> _Instructions to follow_:
From the records below, please repeat exactly the line that has "RENAULT Kadjar Kadjar 1.6dCi Energy Zen 96kW", the line that has "Guardiana delle capre", and every line between them, and nothing else.
── Records shown
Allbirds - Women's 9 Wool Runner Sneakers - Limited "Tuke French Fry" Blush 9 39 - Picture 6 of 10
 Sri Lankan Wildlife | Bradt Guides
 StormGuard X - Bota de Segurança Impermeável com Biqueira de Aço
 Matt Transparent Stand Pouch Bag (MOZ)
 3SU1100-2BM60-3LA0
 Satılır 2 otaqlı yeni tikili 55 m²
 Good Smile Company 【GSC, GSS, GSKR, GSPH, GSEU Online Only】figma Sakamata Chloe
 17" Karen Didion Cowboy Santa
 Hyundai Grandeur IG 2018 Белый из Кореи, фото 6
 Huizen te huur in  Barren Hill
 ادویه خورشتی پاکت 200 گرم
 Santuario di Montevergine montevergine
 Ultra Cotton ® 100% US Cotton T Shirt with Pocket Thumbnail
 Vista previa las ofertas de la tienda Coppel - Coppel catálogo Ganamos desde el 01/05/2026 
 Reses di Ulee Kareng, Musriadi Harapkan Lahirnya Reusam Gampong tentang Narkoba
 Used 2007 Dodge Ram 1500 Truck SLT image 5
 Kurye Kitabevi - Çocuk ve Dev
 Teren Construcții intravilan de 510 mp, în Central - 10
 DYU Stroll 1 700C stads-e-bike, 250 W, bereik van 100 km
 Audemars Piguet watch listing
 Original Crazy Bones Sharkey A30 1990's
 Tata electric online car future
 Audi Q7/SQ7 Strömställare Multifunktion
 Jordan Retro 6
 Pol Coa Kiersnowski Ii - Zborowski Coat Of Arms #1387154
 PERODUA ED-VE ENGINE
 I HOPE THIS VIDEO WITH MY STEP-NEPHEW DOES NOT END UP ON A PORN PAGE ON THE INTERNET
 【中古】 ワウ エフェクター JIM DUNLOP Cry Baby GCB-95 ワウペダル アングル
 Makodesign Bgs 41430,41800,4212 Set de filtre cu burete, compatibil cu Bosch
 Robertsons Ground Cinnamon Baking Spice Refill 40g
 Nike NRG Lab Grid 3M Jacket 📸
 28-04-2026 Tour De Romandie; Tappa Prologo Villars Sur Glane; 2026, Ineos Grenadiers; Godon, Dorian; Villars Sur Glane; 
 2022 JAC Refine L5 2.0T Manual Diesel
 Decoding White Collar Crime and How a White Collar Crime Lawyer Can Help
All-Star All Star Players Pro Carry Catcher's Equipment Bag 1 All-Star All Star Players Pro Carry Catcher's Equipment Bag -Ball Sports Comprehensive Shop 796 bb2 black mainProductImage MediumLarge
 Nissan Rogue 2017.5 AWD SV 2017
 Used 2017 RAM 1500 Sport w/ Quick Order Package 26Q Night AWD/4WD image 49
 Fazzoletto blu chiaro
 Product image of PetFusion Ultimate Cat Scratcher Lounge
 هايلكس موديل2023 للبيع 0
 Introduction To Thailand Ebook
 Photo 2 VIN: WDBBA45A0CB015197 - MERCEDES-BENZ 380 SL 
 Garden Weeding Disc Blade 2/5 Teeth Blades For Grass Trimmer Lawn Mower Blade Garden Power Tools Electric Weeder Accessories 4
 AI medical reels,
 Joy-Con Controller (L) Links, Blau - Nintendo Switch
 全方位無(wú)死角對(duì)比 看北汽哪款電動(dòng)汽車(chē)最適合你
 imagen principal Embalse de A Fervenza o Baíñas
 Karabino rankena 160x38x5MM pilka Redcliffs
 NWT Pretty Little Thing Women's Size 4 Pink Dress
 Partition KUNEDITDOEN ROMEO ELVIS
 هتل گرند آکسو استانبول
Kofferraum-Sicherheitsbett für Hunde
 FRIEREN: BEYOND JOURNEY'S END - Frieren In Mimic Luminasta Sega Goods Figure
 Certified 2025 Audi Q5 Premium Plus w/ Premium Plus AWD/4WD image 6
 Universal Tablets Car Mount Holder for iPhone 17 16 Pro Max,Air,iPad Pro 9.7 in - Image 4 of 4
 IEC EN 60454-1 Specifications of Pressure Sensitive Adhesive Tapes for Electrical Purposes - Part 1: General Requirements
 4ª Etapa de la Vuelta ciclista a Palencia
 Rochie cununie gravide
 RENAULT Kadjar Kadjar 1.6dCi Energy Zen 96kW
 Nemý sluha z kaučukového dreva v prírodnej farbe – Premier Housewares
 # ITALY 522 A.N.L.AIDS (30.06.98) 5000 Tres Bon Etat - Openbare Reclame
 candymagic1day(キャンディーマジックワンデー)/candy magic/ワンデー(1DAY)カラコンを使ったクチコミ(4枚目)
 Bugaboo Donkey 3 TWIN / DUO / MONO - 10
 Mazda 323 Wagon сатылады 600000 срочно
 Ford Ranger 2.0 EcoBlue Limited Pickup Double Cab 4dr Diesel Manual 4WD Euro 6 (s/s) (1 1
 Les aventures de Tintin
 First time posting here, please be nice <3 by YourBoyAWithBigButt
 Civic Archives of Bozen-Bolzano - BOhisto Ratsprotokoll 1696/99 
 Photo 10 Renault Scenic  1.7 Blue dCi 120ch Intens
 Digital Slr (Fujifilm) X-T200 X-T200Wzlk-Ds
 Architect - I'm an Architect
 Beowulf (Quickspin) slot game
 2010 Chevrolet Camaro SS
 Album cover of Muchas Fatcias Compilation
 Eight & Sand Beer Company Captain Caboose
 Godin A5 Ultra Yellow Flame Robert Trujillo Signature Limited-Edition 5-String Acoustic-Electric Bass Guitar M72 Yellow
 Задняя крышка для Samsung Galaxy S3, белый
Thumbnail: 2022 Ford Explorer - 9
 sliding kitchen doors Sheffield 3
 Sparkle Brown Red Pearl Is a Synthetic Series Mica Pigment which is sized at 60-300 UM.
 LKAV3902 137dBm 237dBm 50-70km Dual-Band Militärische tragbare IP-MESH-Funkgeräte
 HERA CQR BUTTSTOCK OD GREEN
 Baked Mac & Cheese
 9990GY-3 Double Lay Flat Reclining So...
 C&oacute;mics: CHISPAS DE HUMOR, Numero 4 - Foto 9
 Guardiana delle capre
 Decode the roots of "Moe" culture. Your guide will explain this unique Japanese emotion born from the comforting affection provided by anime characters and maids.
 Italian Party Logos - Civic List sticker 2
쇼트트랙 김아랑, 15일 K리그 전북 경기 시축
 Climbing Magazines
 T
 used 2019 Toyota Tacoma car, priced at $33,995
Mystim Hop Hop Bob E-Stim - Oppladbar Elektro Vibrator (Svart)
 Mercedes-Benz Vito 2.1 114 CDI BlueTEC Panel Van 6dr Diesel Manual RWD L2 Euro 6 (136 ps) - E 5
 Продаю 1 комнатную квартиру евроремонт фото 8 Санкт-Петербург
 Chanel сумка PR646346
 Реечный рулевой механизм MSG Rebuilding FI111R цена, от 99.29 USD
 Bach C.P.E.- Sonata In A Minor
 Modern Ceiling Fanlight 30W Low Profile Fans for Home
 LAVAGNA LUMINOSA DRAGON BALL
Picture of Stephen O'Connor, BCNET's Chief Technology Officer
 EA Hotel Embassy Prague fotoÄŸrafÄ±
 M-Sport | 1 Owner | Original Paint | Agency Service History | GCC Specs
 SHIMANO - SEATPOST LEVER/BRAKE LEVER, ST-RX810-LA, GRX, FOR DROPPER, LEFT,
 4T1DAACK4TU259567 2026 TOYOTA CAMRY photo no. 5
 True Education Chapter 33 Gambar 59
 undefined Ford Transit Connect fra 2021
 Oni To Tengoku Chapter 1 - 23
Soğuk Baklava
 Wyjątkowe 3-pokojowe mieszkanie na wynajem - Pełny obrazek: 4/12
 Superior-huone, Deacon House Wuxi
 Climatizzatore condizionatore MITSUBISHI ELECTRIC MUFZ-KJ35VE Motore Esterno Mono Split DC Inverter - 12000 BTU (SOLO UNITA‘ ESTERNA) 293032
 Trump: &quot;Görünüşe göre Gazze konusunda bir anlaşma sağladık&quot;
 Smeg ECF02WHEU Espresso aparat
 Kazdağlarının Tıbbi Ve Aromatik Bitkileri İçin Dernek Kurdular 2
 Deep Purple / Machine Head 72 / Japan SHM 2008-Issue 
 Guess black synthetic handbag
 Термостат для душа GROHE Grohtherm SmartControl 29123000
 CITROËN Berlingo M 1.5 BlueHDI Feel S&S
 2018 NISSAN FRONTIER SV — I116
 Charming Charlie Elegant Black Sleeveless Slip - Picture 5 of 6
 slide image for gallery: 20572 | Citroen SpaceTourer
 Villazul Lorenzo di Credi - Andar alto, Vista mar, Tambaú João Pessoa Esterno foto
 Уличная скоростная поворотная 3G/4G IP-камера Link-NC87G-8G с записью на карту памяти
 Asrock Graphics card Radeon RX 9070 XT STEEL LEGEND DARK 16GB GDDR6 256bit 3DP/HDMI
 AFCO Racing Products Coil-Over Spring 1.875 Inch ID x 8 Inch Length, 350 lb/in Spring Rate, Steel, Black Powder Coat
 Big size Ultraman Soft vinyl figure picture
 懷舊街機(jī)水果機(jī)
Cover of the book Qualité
────
> _Task solution_:
 RENAULT Kadjar Kadjar 1.6dCi Energy Zen 96kW
 Nemý sluha z kaučukového dreva v prírodnej farbe – Premier Housewares
 # ITALY 522 A.N.L.AIDS (30.06.98) 5000 Tres Bon Etat - Openbare Reclame
 candymagic1day(キャンディーマジックワンデー)/candy magic/ワンデー(1DAY)カラコンを使ったクチコミ(4枚目)
 Bugaboo Donkey 3 TWIN / DUO / MONO - 10
 Mazda 323 Wagon сатылады 600000 срочно
 Ford Ranger 2.0 EcoBlue Limited Pickup Double Cab 4dr Diesel Manual 4WD Euro 6 (s/s) (1 1
 Les aventures de Tintin
 First time posting here, please be nice <3 by YourBoyAWithBigButt
 Civic Archives of Bozen-Bolzano - BOhisto Ratsprotokoll 1696/99 
 Photo 10 Renault Scenic  1.7 Blue dCi 120ch Intens
 Digital Slr (Fujifilm) X-T200 X-T200Wzlk-Ds
 Architect - I'm an Architect
 Beowulf (Quickspin) slot game
 2010 Chevrolet Camaro SS
 Album cover of Muchas Fatcias Compilation
 Eight & Sand Beer Company Captain Caboose
 Godin A5 Ultra Yellow Flame Robert Trujillo Signature Limited-Edition 5-String Acoustic-Electric Bass Guitar M72 Yellow
 Задняя крышка для Samsung Galaxy S3, белый
Thumbnail: 2022 Ford Explorer - 9
 sliding kitchen doors Sheffield 3
 Sparkle Brown Red Pearl Is a Synthetic Series Mica Pigment which is sized at 60-300 UM.
 LKAV3902 137dBm 237dBm 50-70km Dual-Band Militärische tragbare IP-MESH-Funkgeräte
 HERA CQR BUTTSTOCK OD GREEN
 Baked Mac & Cheese
 9990GY-3 Double Lay Flat Reclining So...
 C&oacute;mics: CHISPAS DE HUMOR, Numero 4 - Foto 9
 Guardiana delle capre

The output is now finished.